NEBUS - O ÔNIBUS DA MERCEDEZ QUE ESTARÁ EM CIRCULAÇÃO NO BRASIL
Nestas últimas semanas notícias de que a prefeitura de São Paulo, para minimizar os problemas de poluição, estaria interessada em ônibus à hidrogênio" apareceu em alguns órgãos da imprensa.
Pois bem, trata-se do NEBUS, o ônibus que utiliza células à combustível e é fabricado pela Mercedes-Benz da Alemanha.
Com mais de 200 protótipos já funcionando em diversas cidades do mundo, este tipo de ônibus utiliza células à combustível do tipo PEM desenvolvidas pela Ballard, de que já falamos anteriormente.

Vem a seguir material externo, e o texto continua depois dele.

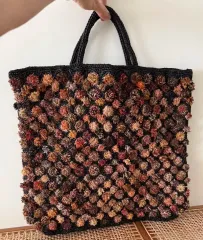 sophie digard 花モチーフ 未使用品 希少！ - かごバッグ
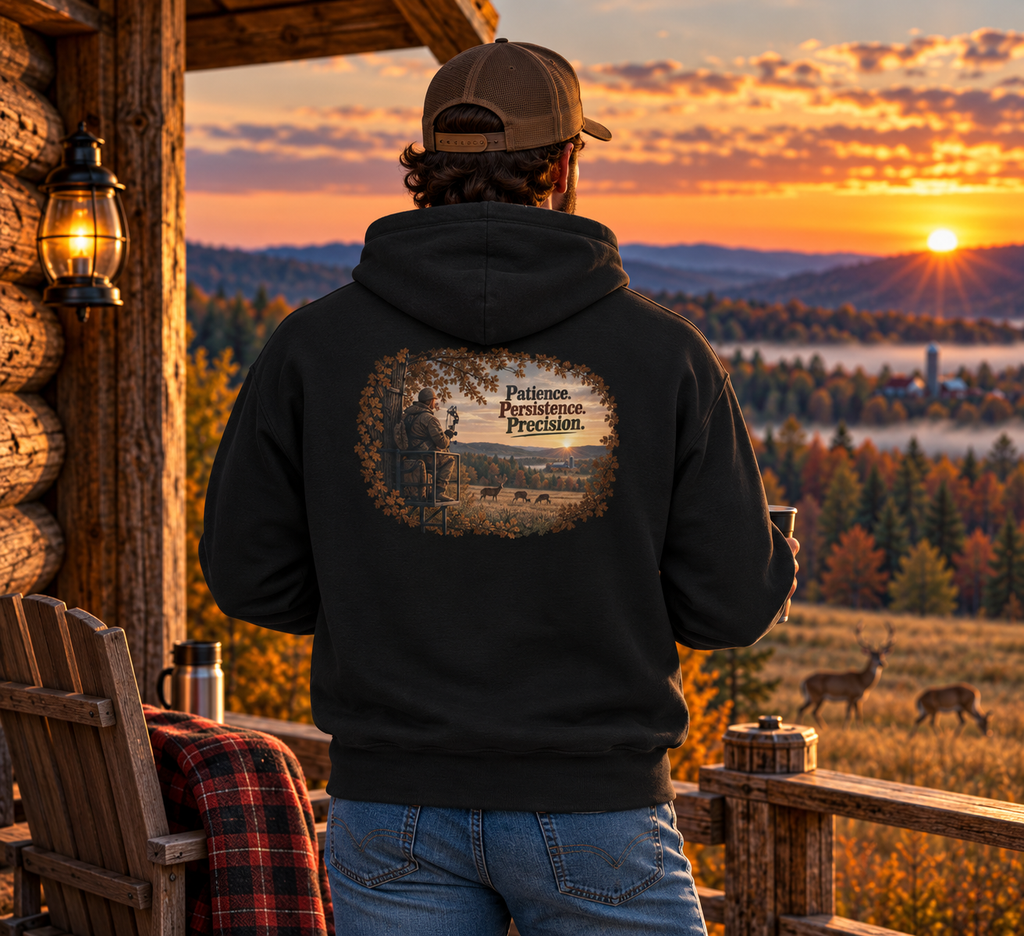 Rack & Ridge Hunting Hoodie — Patience. Persistence. Precision.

O ônibus básico NEBUS modelo O 405 consiste num veículo urbano de 12 metros de comprimento, 2,5 metros de largura e 3,5 m de altura com 34 lugares para passageiros sentados e mais 24 em pé.
Sob o compartimento de passageiros se encontra a instalação de combustível, propulsão (motor) e a célula à combustível fabricada pela Ballard Power Systems que forma com a Daimler-Benz um consórcio com 25% de participação.
O motor trabalha com um conversor que consiste num pulso transformador ZF cuja finalidade é fornecer ao motor energia elétrica numa forma diferente da contínua gerada pela célula, o que permite também maior controle.
Um sistema de bombas leva à célula o combustível armazenado que consiste em 45 000 litros de hidrogênio, o que dá ao ônibus uma autonomia de 250 km.
A célula a combustível é formada por 10 baterias de 25 kW cada uma o que gera uma potência final de 250 kW. Subtraindo-se a potência necessária ao próprio funcionamento da célula, que se converte em calor, para alimentação do sistema elétrico e de ar condicionado sobra para a propulsão aproximadamente 190 kW que corresponde a uma potência de 260 CV.
É interessante observar que o tamanho da célula usada equivale ao de um motor a explosão comum, o que possibilita sua instalação no mesmo local.
O resultado da combustão do hidrogênio usado é o vapor d'água que é expelido a uma temperatura de aproximadamente 55 graus centígrados.
Nos circuitos elétricos do NEBUS encontramos três tensões: 600 volts para acionamento do motor e dos eixos ZF integrados aos cubos das rodas; 380 volts para a bomba de servo-direção e o compressor de ar e 24 volts para o sistema elétrico de bordo.
No modelo original temos um outro detalhe "ecológico" a ser considerado, que são as clarabóias de ventilação soldar, que tem por finalidade gerar a corrente elétrica para o funcionamento dos condutores de ar condicionado e ventilação. Isso significa que a ventilação se mantém em funcionamento mesmo que a célula à combustível esteja "desligada".
Uma alternativa para o futuro, que está sendo estudada pela Mercedes-Benz consiste no uso de células que funcionem com metanol.